Gait analysis can be used to reduce back or leg pain and increase endurance.
Walking is the most convenient way to travel short distances. Free joint mobility and appropriate muscle force increases walking efficiency. As the body moves forward, one limb typically provides support (the stance limb) while the other limb is advanced (the swing limb).
Shock absorption and energy conservation are important aspects of efficient walking. Altered joint motion or absent muscle forces may increase joint reaction (contact) forces and lead subsequently to additional pathology. In the early stance phase of gait, nearly 60 percent of one’s body weight is loaded abruptly (less than 20 milliseconds) onto the stance limb.
At initial contact, external (ground reaction) forces applied to the contact foot produce a tendency toward knee flexion. Back kneeing increases mechanical stability, but at the cost of increased contact forces and shock generation. A balance between knee stability and shock absorption is achieved by the quadriceps during the loading response. The impact of loading is minimized at the hip during single support through hip abductor muscle contraction.

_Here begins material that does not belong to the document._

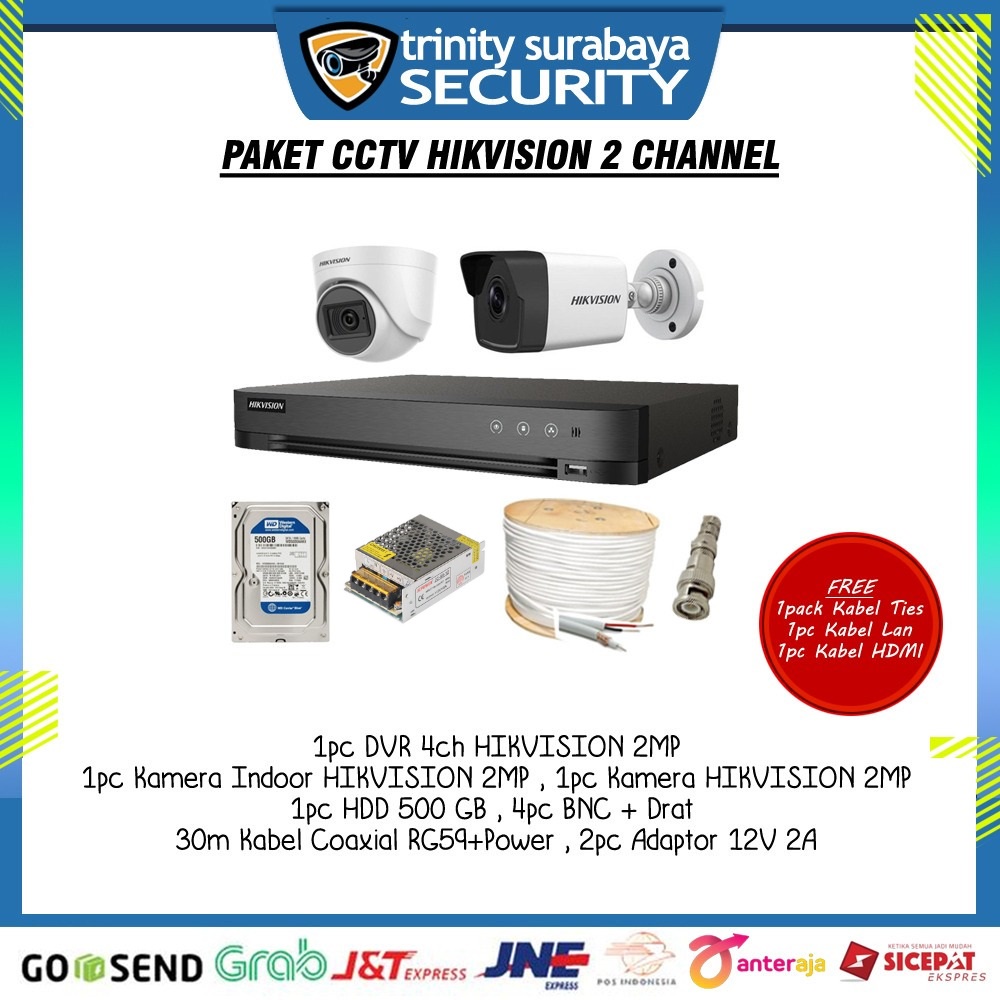 Paket CCTV 2CH HIKVISION Trinity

Ambulation always is associated with energy costs. These costs are relatively minor in normal adults. This does not apply with gait abnormalities. Walking velocity, energy cost per time, and energy cost per distance are considerations when the patient is making choices about walking with or without adaptive aids (including the use of orthotics).

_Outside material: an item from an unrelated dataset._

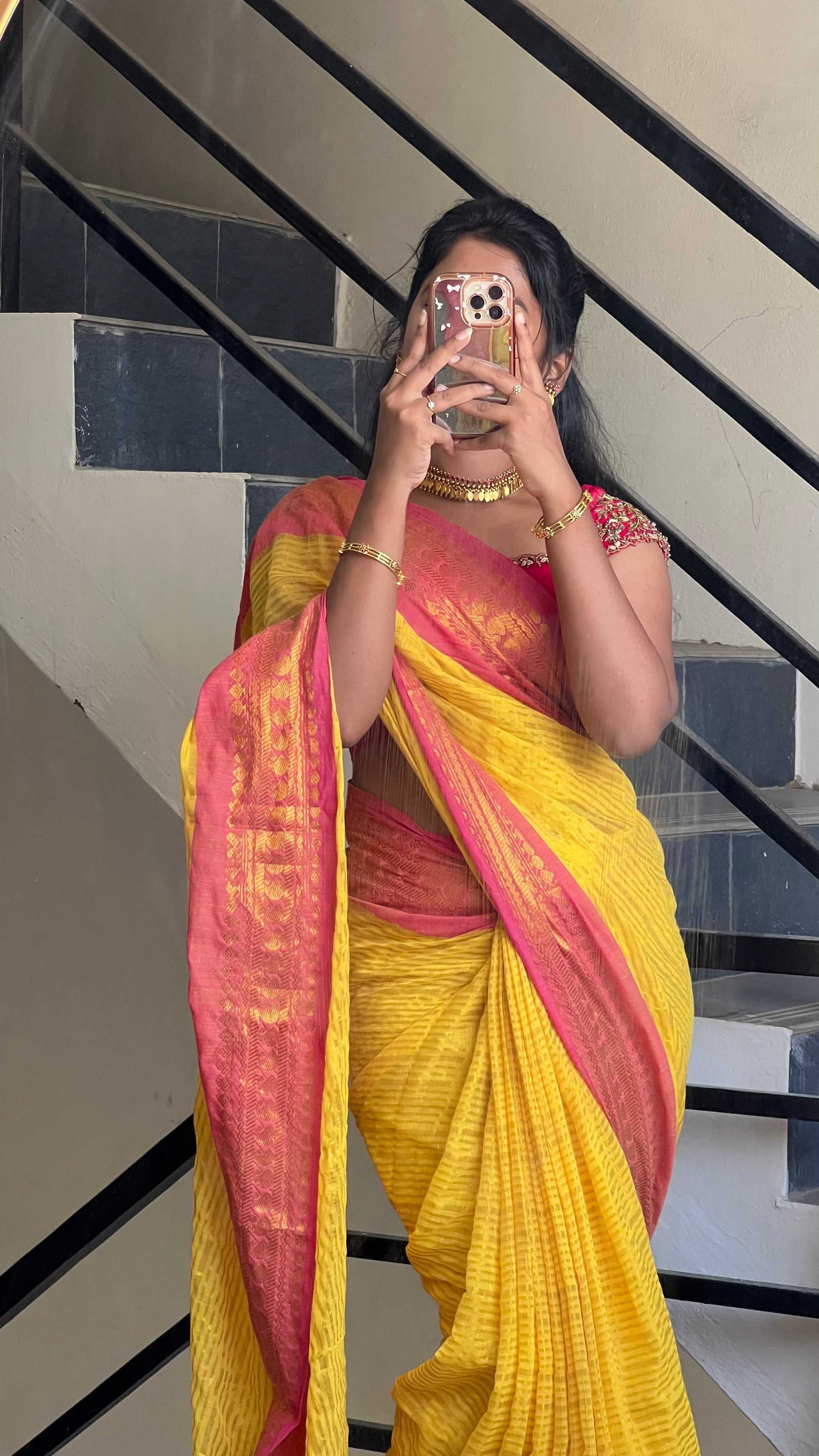 Mul cotton saree - Yellow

Pelvic rotation is the most important factor in energy conservation during gait. Since ankle (subtalar) motion is the primary determinant of pelvic rotation, the study of ankle motion and associated foot pressures under various conditions can give invaluable information about the impact of limb movement upon back function and vice versa. While observational gait analysis is appropriate to characterize most gait pathologies, this approach is insufficient to note abnormalities in walking as complexity increases as seen with organic pathology, such as polio, peripheral neuropathy, osteoarthritis or low back pain.

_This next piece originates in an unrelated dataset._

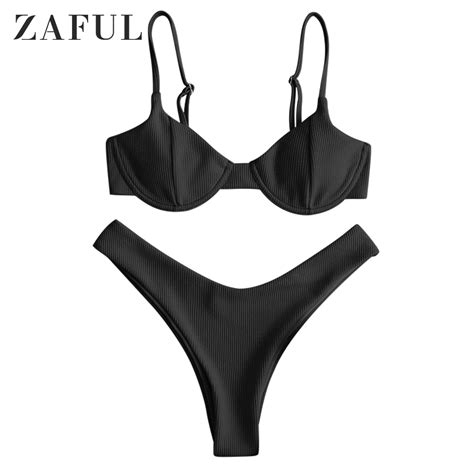 Zaful New High Cut Thong Bathing Suit High Waist Swimsuit Solid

Computerized gait analysis is a logical extension of observational gait analysis. Gait analysis is: noninvasive, flexible (by definition it has to be portable), quantifiable (you can change your question from “is this horse lame?” to “How lame is this horse?”) and permanent (results can be stored on hard drive or printed out).
In the case of Electrodynography (EDG), an ultra-thin sensor is trimmed to fit inside your shoe. You then walk down a hallway and pressures are displayed and recorded in real time on a computer. The sensors allow for both qualitative and quantitative pressure data collection and can be displayed in either graphic or tabular format.
This information is invaluable in assessing the patient who complains that walking makes their back worse, or who suffers from disorders such as peripheral neuropathy, peripheral arterial disease, polio or lower extremity osteoarthritis.
Gait analysis can help determine if your walking can be improved by treating your back, if your back can be improved by treating how you walk, or if adaptive aids can be used to reduce pain, energy of ambulation or to increase endurance.